Hasnen Anwar Warekar & The Killings

The residents of Kasarvadavli village in Thane woke up to a horrific sight of a woman in blood soaked clothes, her throat slit, begging for help. She was trying to escape from her brother who had killed 14 members of his family.

Hasnen Anwar Warekar (35), allegedly killed his wife, two kids, four sisters, parents and six of his nephews and nieces with a butcher’s knife before committing suicide by hanging himself.

The sole survivor of the massacre is Hasnen’s 22-year-old sister Subiya, whose screams roused the neighbours and brought the police to their doorstep.   It is with the help of traumatized Subiya, who has received 25 stitches on her neck, that the police is trying to reconstruct the sequence of events eading to the midnight killings.

On Saturday, Hasnen had invited his three sisters and their children home for dinner. While no specific occasion was cited, he insisted that everybody joins him at his house. “Subiya, who stays in Koparkhairne, initially refused to join them since her daughter, Arsiya (5 months), was unwell. But he went to her house and picked her up and would not take a ‘no’ for an answer,” said a relative of the family.

It is suspected that Hasnen, an accountant, had laced their food with a sedative and slashed their necks after they went to bed, all of them having decided to spend the night at the house.
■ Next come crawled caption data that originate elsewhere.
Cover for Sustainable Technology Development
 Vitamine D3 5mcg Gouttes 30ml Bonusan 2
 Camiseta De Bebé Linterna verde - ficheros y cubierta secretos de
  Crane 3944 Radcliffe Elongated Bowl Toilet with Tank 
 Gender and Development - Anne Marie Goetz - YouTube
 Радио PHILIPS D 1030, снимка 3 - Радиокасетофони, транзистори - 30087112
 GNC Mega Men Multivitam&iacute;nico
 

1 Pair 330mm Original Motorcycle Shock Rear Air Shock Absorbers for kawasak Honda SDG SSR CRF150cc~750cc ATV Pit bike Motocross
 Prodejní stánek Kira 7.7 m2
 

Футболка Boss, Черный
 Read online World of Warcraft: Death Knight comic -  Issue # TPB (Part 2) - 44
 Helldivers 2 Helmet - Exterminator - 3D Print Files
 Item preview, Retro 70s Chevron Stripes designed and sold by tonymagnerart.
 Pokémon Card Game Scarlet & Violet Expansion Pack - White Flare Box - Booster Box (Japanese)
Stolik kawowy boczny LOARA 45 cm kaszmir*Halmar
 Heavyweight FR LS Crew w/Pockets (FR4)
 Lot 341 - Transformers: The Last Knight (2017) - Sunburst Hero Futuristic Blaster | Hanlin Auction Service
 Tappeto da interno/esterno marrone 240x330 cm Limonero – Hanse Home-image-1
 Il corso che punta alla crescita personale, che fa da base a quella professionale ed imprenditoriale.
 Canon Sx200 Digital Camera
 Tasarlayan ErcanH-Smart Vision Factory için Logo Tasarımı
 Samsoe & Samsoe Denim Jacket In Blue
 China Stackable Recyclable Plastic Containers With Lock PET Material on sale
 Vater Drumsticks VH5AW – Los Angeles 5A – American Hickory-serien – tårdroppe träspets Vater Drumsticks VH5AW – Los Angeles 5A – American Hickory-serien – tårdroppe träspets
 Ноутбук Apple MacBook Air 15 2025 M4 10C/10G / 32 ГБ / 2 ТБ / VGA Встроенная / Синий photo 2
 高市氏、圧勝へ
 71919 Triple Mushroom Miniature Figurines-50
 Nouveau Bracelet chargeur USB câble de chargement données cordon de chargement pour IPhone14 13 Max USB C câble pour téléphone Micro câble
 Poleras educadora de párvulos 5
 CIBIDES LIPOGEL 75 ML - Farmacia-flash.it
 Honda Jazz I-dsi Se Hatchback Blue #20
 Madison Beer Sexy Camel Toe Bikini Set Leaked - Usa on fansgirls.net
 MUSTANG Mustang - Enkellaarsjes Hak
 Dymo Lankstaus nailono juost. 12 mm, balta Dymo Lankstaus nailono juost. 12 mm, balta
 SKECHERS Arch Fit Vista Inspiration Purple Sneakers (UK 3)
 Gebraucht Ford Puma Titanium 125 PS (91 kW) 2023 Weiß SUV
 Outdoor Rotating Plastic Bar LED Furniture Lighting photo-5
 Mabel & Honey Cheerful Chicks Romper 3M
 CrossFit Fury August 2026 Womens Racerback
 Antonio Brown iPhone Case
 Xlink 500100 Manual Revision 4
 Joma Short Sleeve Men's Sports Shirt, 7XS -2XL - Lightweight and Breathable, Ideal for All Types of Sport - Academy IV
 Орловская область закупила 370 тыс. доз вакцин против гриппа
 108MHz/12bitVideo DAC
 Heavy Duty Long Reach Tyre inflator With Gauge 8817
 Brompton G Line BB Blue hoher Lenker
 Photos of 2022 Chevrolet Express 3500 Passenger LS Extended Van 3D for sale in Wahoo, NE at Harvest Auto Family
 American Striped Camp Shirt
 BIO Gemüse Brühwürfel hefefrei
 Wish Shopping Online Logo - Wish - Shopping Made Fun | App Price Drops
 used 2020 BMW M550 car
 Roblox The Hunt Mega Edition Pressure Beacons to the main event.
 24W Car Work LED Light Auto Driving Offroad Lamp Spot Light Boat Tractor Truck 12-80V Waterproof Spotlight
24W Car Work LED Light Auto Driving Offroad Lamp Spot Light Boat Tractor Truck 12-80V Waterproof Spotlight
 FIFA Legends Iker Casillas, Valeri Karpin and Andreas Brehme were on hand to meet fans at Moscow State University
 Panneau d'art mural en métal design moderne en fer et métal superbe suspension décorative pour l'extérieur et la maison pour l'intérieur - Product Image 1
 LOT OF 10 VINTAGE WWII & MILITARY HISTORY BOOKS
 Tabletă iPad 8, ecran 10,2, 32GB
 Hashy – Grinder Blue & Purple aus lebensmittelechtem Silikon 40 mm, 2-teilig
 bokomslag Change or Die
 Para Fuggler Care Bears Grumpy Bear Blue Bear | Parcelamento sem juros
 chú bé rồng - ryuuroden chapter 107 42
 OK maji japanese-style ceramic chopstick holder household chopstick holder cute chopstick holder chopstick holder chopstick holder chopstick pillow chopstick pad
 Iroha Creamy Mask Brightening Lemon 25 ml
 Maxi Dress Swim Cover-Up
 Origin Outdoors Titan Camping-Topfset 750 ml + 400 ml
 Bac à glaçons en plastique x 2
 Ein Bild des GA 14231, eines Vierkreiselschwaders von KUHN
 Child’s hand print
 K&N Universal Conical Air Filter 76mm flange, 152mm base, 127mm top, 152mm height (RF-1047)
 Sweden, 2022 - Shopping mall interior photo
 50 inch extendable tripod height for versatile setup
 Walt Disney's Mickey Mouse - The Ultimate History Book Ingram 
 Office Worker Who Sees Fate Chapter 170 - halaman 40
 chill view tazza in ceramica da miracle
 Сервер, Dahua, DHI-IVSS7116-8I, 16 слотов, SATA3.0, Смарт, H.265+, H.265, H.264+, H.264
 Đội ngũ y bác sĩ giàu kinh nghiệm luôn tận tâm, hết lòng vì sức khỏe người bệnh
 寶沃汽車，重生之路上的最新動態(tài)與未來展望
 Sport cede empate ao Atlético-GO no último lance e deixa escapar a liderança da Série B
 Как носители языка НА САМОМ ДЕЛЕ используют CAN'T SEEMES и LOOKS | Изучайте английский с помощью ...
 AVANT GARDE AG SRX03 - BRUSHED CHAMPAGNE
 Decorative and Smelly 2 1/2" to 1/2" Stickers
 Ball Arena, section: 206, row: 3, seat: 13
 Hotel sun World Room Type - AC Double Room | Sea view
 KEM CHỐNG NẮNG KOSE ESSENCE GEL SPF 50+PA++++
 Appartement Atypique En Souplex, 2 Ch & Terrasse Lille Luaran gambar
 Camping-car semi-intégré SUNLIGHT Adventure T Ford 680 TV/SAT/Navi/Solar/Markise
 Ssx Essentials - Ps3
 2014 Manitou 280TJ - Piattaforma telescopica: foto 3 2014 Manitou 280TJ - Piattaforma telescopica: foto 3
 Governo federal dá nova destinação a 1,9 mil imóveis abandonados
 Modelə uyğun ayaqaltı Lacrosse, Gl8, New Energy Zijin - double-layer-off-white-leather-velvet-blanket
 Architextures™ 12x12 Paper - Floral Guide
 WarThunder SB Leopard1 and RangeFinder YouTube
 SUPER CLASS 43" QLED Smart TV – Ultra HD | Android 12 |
Incidentally, all of them retired to different rooms with Hasnen and his family going to sleep upstairs, the parents in the hall area and the sisters in another bedroom on the ground floor. Preliminary investigation by the Thane police suggests that Hasnen had procured a butcher’s cleaver used for sacrificing animals during festivals and killed his wife and children first. He then came downstairs and killed his parents before proceeding to kill his sisters and their children.

What has baffled the police is the apparent lack of motive as Hasnen was known to be a quiet and unassuming person with no known mental ailment. One of the theories doing the rounds is the possibility of the massacre being a ritual slaying which possibly had something to do with the accountant’s skewed understanding of the concept of ‘qurbani.’ Hasnen worked with a private company in Mumbai and had no known financial troubles or disputes.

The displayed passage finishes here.